# Task item
Type again, exactly, the lines below from the start through the line that includes "Straßenverzeichnis Perleberg Dergenthin".

Stored items
--*--
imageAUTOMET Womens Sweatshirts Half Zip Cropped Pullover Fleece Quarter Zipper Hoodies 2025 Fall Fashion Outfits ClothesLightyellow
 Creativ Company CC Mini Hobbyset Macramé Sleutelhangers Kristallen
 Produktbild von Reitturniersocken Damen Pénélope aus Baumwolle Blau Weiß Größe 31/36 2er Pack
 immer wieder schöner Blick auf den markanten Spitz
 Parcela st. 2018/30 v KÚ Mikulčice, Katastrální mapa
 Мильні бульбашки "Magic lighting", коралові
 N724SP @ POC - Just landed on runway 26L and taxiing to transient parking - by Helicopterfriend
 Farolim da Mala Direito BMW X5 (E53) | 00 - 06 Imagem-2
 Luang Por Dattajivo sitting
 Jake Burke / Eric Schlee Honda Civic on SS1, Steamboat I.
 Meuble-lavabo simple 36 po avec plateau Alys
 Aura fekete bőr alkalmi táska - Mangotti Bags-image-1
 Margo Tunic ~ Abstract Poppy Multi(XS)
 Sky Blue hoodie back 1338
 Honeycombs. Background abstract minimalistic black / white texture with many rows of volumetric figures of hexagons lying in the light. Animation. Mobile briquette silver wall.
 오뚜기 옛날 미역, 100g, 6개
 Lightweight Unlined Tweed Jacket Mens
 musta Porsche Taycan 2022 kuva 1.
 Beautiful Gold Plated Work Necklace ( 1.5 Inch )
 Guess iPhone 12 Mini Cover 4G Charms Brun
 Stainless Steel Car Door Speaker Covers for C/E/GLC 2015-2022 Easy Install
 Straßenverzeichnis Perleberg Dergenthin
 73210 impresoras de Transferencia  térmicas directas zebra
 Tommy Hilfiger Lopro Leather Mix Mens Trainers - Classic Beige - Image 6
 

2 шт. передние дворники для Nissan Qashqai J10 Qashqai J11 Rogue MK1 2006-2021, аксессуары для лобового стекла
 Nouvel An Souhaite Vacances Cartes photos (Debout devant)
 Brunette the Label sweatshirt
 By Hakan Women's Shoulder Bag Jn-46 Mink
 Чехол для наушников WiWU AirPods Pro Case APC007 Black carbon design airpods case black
--*--
# Solution below
imageAUTOMET Womens Sweatshirts Half Zip Cropped Pullover Fleece Quarter Zipper Hoodies 2025 Fall Fashion Outfits ClothesLightyellow
 Creativ Company CC Mini Hobbyset Macramé Sleutelhangers Kristallen
 Produktbild von Reitturniersocken Damen Pénélope aus Baumwolle Blau Weiß Größe 31/36 2er Pack
 immer wieder schöner Blick auf den markanten Spitz
 Parcela st. 2018/30 v KÚ Mikulčice, Katastrální mapa
 Мильні бульбашки "Magic lighting", коралові
 N724SP @ POC - Just landed on runway 26L and taxiing to transient parking - by Helicopterfriend
 Farolim da Mala Direito BMW X5 (E53) | 00 - 06 Imagem-2
 Luang Por Dattajivo sitting
 Jake Burke / Eric Schlee Honda Civic on SS1, Steamboat I.
 Meuble-lavabo simple 36 po avec plateau Alys
 Aura fekete bőr alkalmi táska - Mangotti Bags-image-1
 Margo Tunic ~ Abstract Poppy Multi(XS)
 Sky Blue hoodie back 1338
 Honeycombs. Background abstract minimalistic black / white texture with many rows of volumetric figures of hexagons lying in the light. Animation. Mobile briquette silver wall.
 오뚜기 옛날 미역, 100g, 6개
 Lightweight Unlined Tweed Jacket Mens
 musta Porsche Taycan 2022 kuva 1.
 Beautiful Gold Plated Work Necklace ( 1.5 Inch )
 Guess iPhone 12 Mini Cover 4G Charms Brun
 Stainless Steel Car Door Speaker Covers for C/E/GLC 2015-2022 Easy Install
 Straßenverzeichnis Perleberg Dergenthin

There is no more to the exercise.